*Your goal*. The reply has to be a number alone, equal to how many lines in the entries below hold the string "Picture".

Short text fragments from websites
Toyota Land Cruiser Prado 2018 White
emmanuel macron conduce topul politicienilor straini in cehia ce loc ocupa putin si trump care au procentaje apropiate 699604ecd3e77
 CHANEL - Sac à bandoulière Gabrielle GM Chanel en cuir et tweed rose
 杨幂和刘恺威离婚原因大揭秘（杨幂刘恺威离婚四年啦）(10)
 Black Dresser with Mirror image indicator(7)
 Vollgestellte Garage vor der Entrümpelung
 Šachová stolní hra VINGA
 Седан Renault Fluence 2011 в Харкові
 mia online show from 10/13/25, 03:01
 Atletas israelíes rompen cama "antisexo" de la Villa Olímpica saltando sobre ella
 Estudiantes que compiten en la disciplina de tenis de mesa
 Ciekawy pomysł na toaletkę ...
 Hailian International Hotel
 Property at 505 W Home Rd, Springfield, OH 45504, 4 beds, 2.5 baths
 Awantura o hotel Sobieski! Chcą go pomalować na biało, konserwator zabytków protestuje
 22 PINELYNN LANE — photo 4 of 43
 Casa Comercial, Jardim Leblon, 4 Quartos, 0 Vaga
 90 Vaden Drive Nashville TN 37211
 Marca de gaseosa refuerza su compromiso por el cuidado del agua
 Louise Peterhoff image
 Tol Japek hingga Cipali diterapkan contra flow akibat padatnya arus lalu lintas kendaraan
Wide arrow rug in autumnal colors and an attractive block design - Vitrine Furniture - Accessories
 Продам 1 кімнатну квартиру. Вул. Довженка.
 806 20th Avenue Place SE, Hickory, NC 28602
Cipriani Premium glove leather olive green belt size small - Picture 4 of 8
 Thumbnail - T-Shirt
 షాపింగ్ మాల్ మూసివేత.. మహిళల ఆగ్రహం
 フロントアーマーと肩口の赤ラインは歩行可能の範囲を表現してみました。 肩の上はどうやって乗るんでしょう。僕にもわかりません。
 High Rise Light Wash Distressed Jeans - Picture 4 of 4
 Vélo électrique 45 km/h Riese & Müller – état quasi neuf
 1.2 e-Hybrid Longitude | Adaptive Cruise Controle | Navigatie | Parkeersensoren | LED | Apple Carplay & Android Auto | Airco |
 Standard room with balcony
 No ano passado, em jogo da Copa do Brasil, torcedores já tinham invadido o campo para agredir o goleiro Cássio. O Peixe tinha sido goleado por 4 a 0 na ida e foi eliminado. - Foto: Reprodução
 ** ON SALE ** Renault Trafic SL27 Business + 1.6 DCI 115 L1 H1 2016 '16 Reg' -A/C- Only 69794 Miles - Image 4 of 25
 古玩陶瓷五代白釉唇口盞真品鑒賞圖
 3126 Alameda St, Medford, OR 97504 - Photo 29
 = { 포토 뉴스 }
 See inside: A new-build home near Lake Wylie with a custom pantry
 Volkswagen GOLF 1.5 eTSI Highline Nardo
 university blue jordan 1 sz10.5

*Your response*. 2